=== Section Start ===
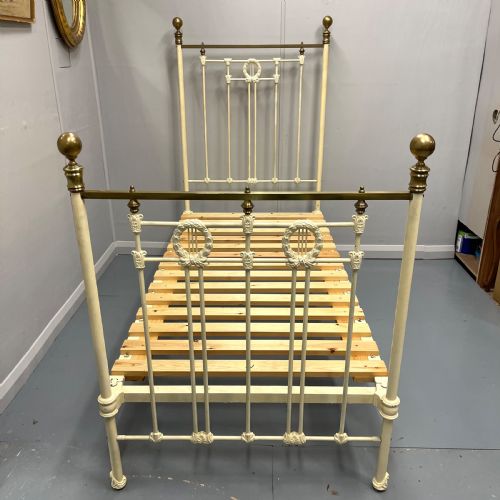 VICTORIAN SINGLE PAINTED BRASS AND IRON BED WITH SLATS - ADDITIONAL PHOTO 2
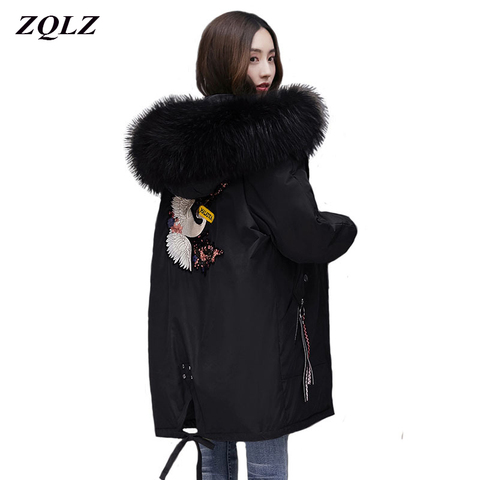ZQLZ Winter Jacket Women 2022 New Embroidery Casual Hooded Warm Cotton Padde Coat Female Loose Black Long Parka Mujer ► Photo 1/6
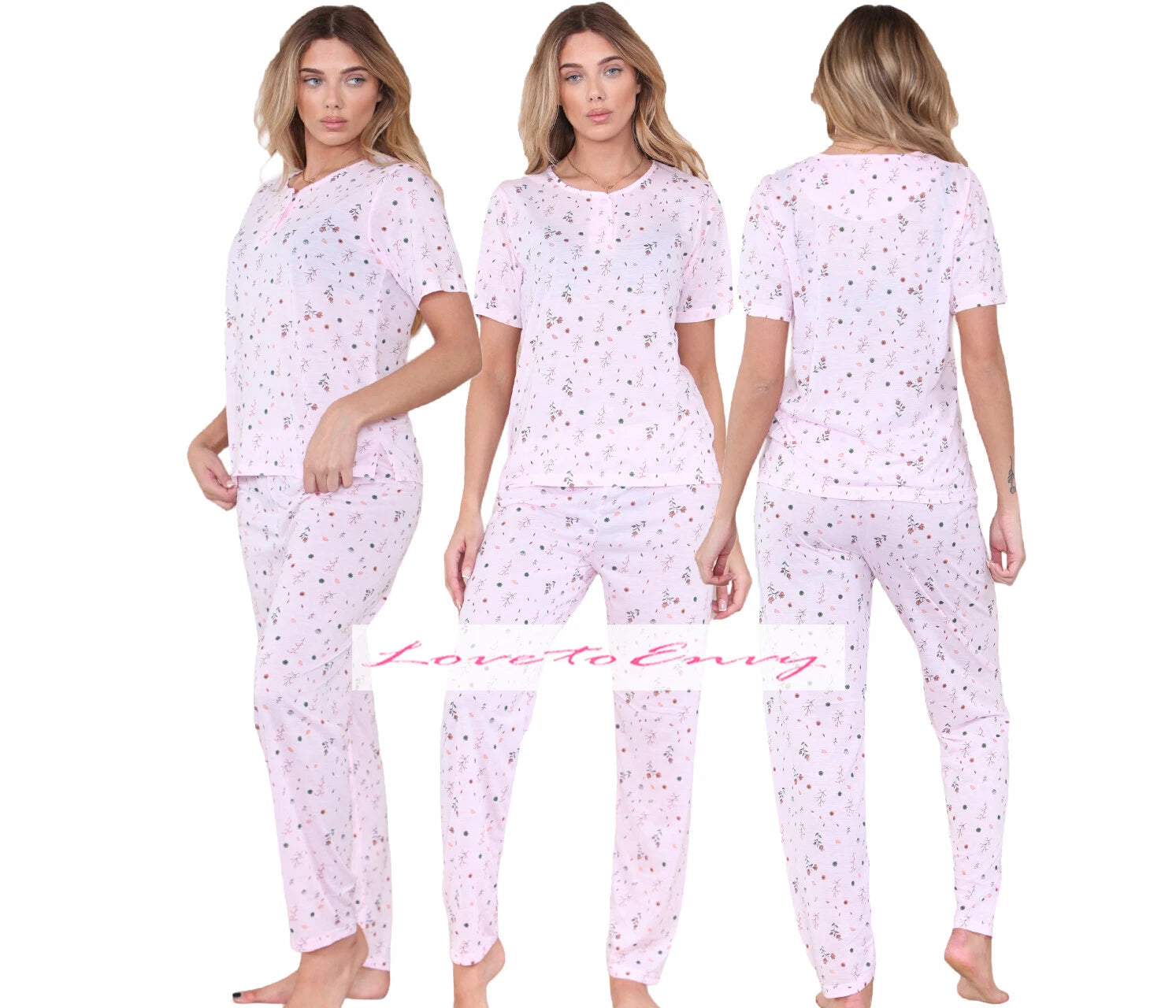 PJ Set Ladies Short Sleeve Flower Print Pyjama Set Cotton Blend Womens Nightwear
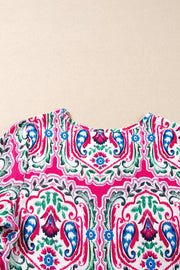 Pink Bohemian Print Tie Neck Ruffle Hem Short Dress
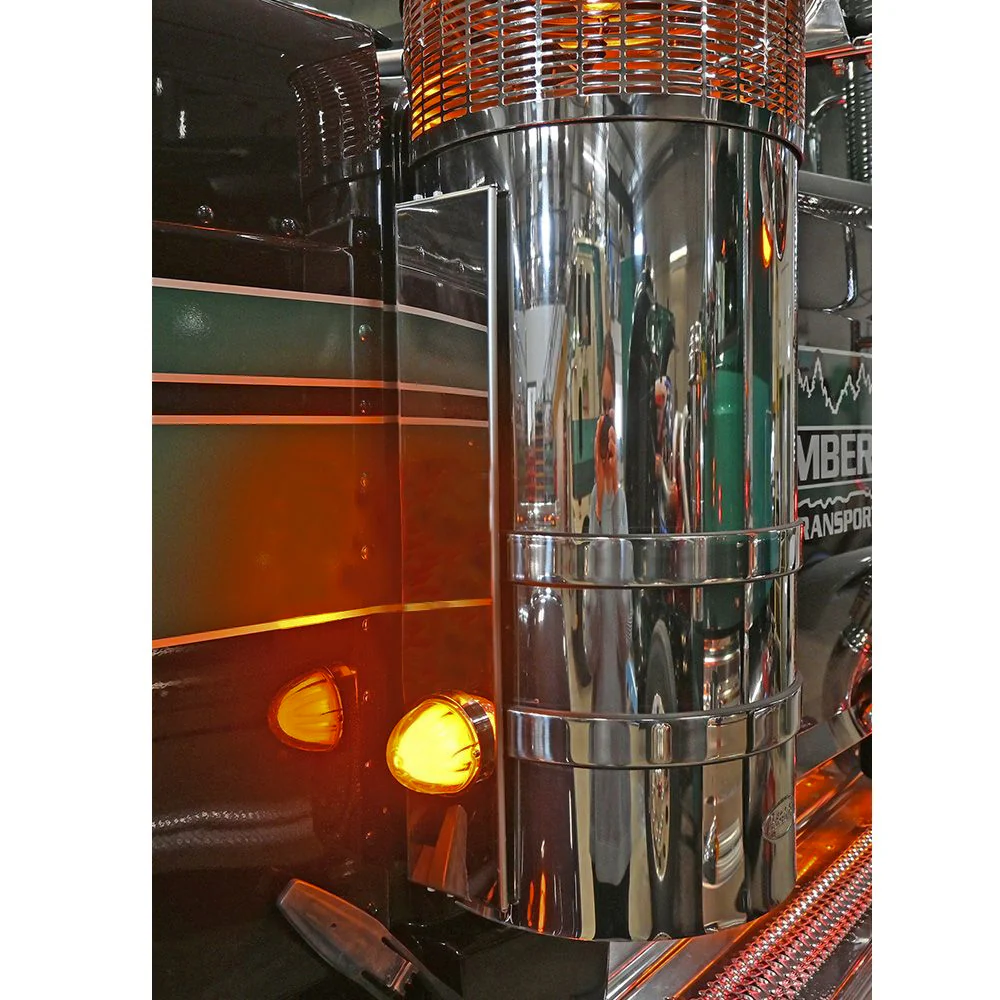 Peterbilt 589 Front SS AC Bars GLO Amber Watermelon for 15" Donaldson - Image 3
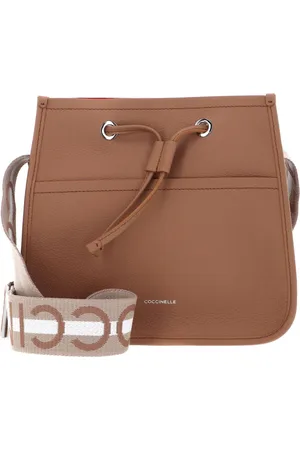 Coccinelle Leren Schoudertas Raquel Crossbody Bag Lichtbruin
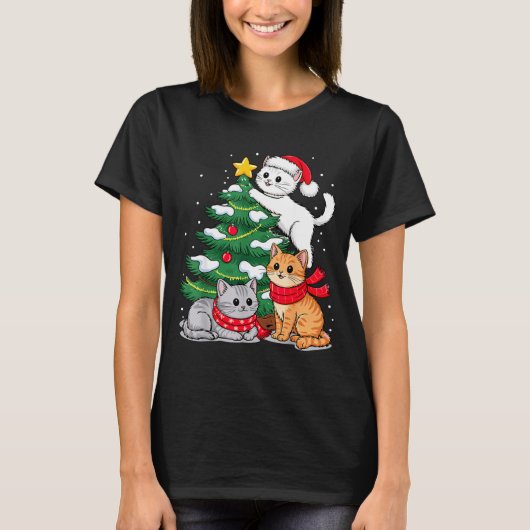 Christmas Tree Cats Xmas  T-Shirt (Vorderseite)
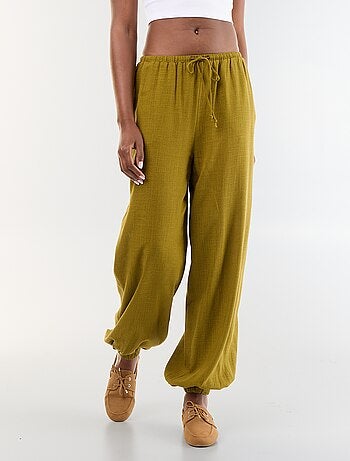 Pantalon coupe balloon uni avec 2 poches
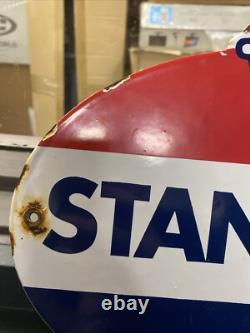 Vintage Standard Oil Sign Porcelain Torch Pump Plate Gas Oil Red Blue Crest
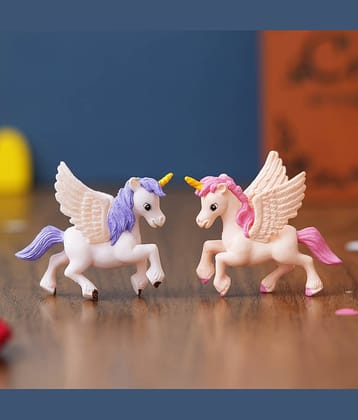 eCraftIndia Pink 2 Pieces Unicorn Horse Statues Figurine Showpiece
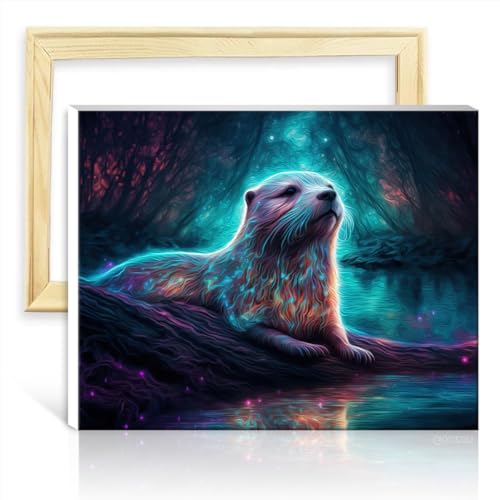 TANGFEIY Malen-nach-Zahlen-Set, Otter, Neon, Ölgemälde zum Selbermachen, Malen-nach-Zahlen-Set für Erwachsene mit Pinseln und Acrylpigmenten auf lebendiger Wandkunst, ohne Rahmen (60 x 75 cm) von TANGFEIY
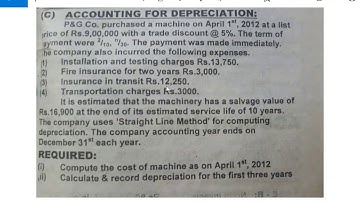 2nd Year 2016 depreciation Question 9C Accounting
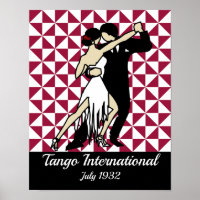Bailarinas de tango sobre fondo geométrico de Borg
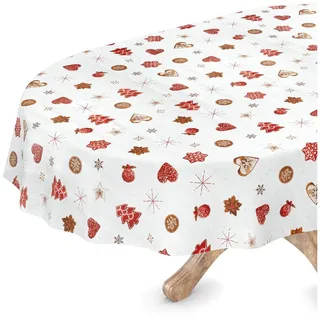 ANRO Tischdecke abwaschbar Oval 140 x 160 cm Weiß
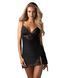 Пеньюар Obsessive Lobellis chemise & thong, M/L, черный, кружевная отделка, стринги в комплекте SX1021 фото 1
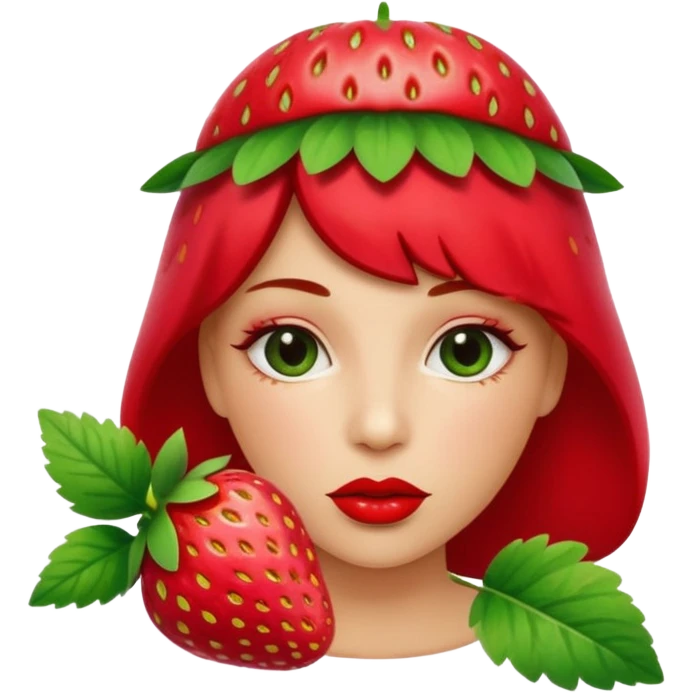 . subject. less details. lips with pattern of strawberry with leaf on top  emoji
=== Section End ===
▶ [Your instructions]:
For each entry above, write it out again exactly but leave out any picture.

▶ [Answer to this task]:
 VICTORIAN SINGLE PAINTED BRASS AND IRON BED WITH SLATS - ADDITIONAL PHOTO 2
ZQLZ Winter Jacket Women 2022 New Embroidery Casual Hooded Warm Cotton Padde Coat Female Loose Black Long Parka Mujer ► Photo 1/6
 PJ Set Ladies Short Sleeve Flower Print Pyjama Set Cotton Blend Womens Nightwear
 Pink Bohemian Print Tie Neck Ruffle Hem Short Dress
 Peterbilt 589 Front SS AC Bars GLO Amber Watermelon for 15" Donaldson - Image 3
 Coccinelle Leren Schoudertas Raquel Crossbody Bag Lichtbruin
 Christmas Tree Cats Xmas  T-Shirt (Vorderseite)
 Pantalon coupe balloon uni avec 2 poches
 Vintage Standard Oil Sign Porcelain Torch Pump Plate Gas Oil Red Blue Crest
 eCraftIndia Pink 2 Pieces Unicorn Horse Statues Figurine Showpiece
 TANGFEIY Malen-nach-Zahlen-Set, Otter, Neon, Ölgemälde zum Selbermachen, Malen-nach-Zahlen-Set für Erwachsene mit Pinseln und Acrylpigmenten auf lebendiger Wandkunst, ohne Rahmen (60 x 75 cm) von TANGFEIY
 2nd Year 2016 depreciation Question 9C Accounting
Bailarinas de tango sobre fondo geométrico de Borg
 ANRO Tischdecke abwaschbar Oval 140 x 160 cm Weiß
 Пеньюар Obsessive Lobellis chemise & thong, M/L, черный, кружевная отделка, стринги в комплекте SX1021 фото 1
 . subject. less details. lips with pattern of strawberry with leaf on top  emoji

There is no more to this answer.